En «Behind the candelabra», el actor interpreta con fascinante energía, conocida su delicada salud, al icono «kitsch» de los 60 y 70
22 may 2013 . Actualizado a las 07:00 h.La lucha por la Palma de Oro ofreció dos películas, La grande bellezza y Behind the candelabra que comparten acercamiento al abismo de la decrepitud y la presencia de dos actores en estado de gracia, Toni Servillo y Michael Douglas, para desencarnarla.
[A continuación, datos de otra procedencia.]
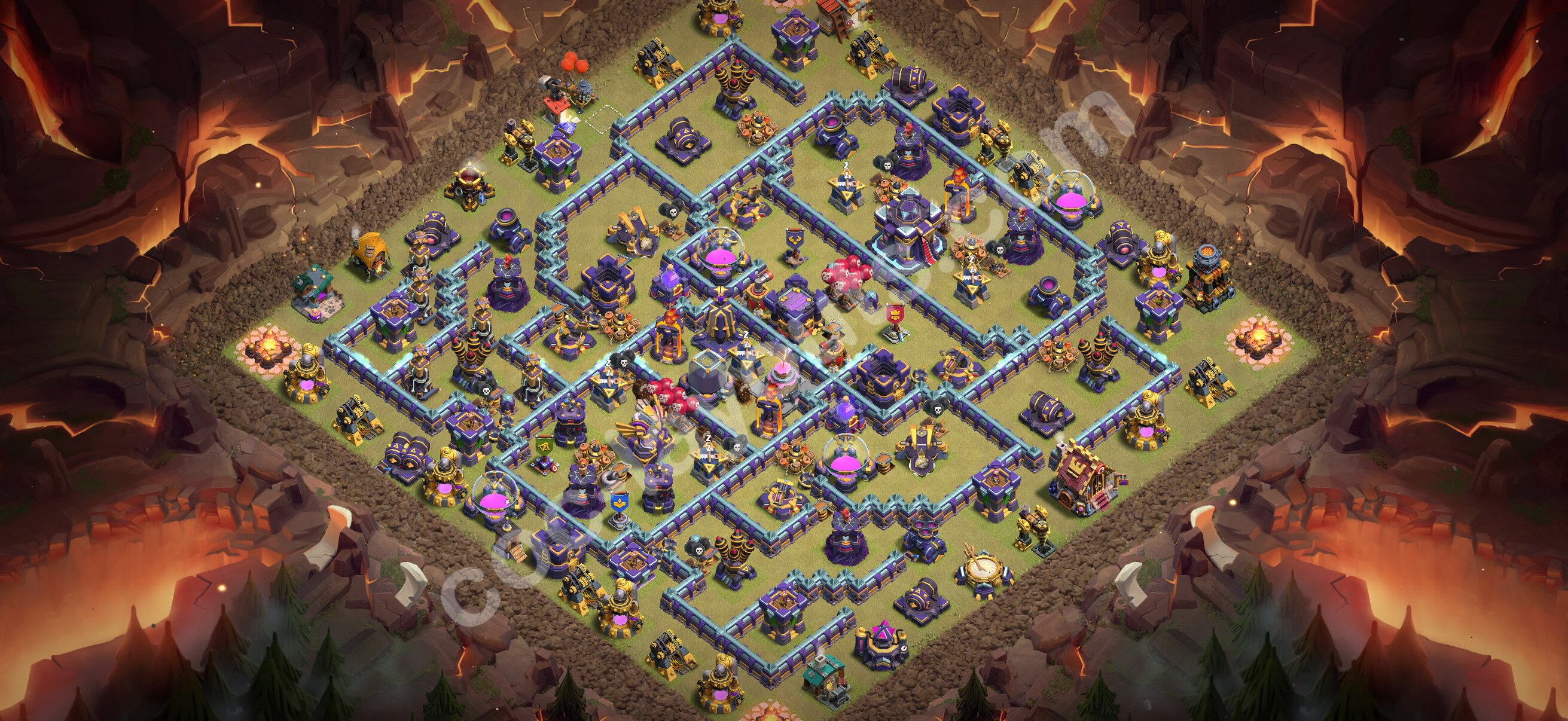 TH15 War Base #162 – TH15 layout preview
En Behind the candelabra, Douglas interpreta con fascinante energía, conocida su delicada salud, al entertainer inclasificable Liberace, icono kitsch de los 60 y 70. Un hortera príncipe de las tinieblas que ponía un candelabro sobre su piano y con su capa de vampiro del show-business alimentaba su obsesión por la juventud eterna a base de cirugía y sexo con carne joven. Matt Damon es el último de los efebos vampirizados en el altar de Liberace, que moriría de sida en 1988. Es un placer saborear cómo Douglas sostiene a ese monstruo de purpurina y soberbia, sustentado en el oficio de Soderbergh para apuntalar el drama. Y en las impagables apariciones de Debbie Reynolds y Rob Lowe, viejas glorias casi coetáneas.
Cameo de Tosar
Paolo Sorrentino es un habitual de Cannes. Aquí ganó en el 2008 el Premio del Jurado por su magnífica Il Divo, en la cual Toni Servillo mudaba, en la piel del recién fallecido Giulio Andreotti. En La grande bellezza, Sorrentino vuelve a darle toda la responsabilidad a Servillo, actor colosal que aquí es absoluto epicentro, en el papel de escritor y dandi perdonavidas, de un carrusel abigarrado (con cameo de nuestro Luís Tosar) con ecos o mimetismos inequívocamente fellinianos, que representa el declive de la alta sociedad romana, entre fiestas más o menos bunga-bunga y un afectado spleen de Ciudad Eterna. La película es ampulosa y vende de maravilla humo con apariencia de cine de altura. El envoltorio rococó de orgía perpetua con el que Sorrentino envuelve su viaje a ninguna parte, cuela bien. Y fue largamente aplaudido. A poco que se reflexione sobre ella, se delata la caprichosa vacuidad de La grande bellezza, sus efectismos aparatosos de corto alcance. Lo que es indiscutible, y con muy probable reflejo en el palmarés, es la dimensión de actor mayúsculo de Toni Servillo, quien se echa a las espaldas la inconsistencia del filme y nos ofrece la única verdad de esta obra tramposa: su personaje de edecán de una dolce vita con regusto a arsénico. Su amargura, su cinismo, su asunción de la derrota de los gatopardos, se apoderan de cada plano de autenticidad dentro de este filme mentiroso.